Незабываемы рассказы Людмилы Черной о показных собраниях в 15-й аудитории, где происходило осуждение и исключение из комсомола студентов, которые не проявили гражданскую сознательность — не донесли в НКВД на своих родных и близких. «Я проглядел, я виноват в том, что не увидел…» — в подобных сценах люди, вступив в диалог с обстоятельствами, произносят страшные слова, принудительно заходя за черту невозврата.
Об этом говорит и Лунгина: «Если меня когда-нибудь услышит нынешняя молодежь, я считаю очень полезным напомнить, до какого абсурда доходила та жизнь. Исключали пятнадцатилетних мальчиков и девочек из комсомола за то, что они раньше КГБ (тогда НКВД) не разоблачили своих отцов». (Лунгину также исключили из комсомола за то, что она выступила против подобных действий.) Сейчас подобные факты шокируют, тогда же были вполне обыденным явлением. Многое из того, что вызывает наше изумление теперь, было рядовым явлением тогда...
60-е ознаменованы заметками Л. Черной об Асе Берзер — новомирском редакторе и критике. Вся жизнь этой женщины была сосредоточена на литературе, которая была смыслом ее жизни, поэтому она не смогла пережить ни репрессий, ни увольнения из НМ. Кроме того, встречи с писателями: Константин Паустовский, Лев Копелев… Встреча со Светланой Аллилуевой, которую совершенно случайно завели в гости давние приятели. Аллилуева спокойно сидит у стола, молчаливо выслушивая от Людмилы Черной, не знавшей, кто перед ней, беспощадную критику собственного отца (встреча произошла спустя сутки после смерти Сталина). Обе вскоре расходятся...
Зарисовками исторических фактов Людмила Черная постепенно формирует композицию книги, структуру которой образует и поддерживает воссоздание исторического поля, видоизменяющего человеческие судьбы. Видоизмененные, они сплетаются в полотно, из которого вытягиваются нити, скрепляющие все периоды истории XX века в единое историческое пространство. Эти нити ткутся из взаимовлияния эпохи и личности. Судьбы людей под влиянием государственного аппарата советской системы единообразно форматировались, и персонажи в той или иной степени превращались в персонифицированные образы советской истории.

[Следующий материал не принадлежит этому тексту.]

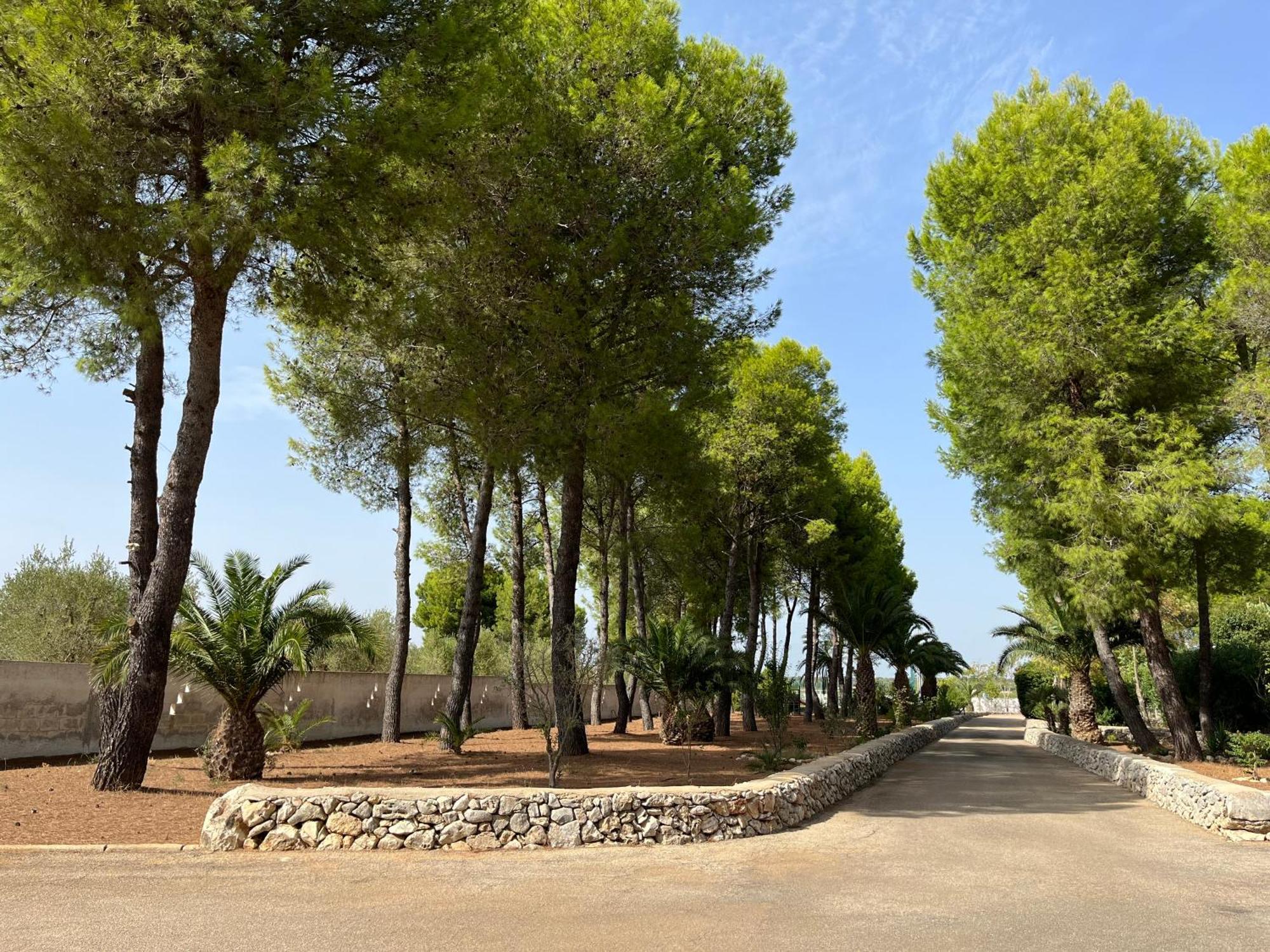 Masseria La Camardia Sava Luaran gambar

Таким образом, мемуарное повествование Людмилы Черной, как и весь корпус мемуаристики ХХ века, разрушает «программное» понимание советского периода российской истории, позволяя посмотреть на нее глазами человека, способного почувствовать, как собственное дыхание перемежается с дыханием эпохи, и понять, насколько бывает ошибочна уверенность человека в том, что он сам творит свою жизнь.
Виктория Пономарева
1 Олег Дорман. Жизнь Лилианы Лунгиной. — М.: АСТ, 2009.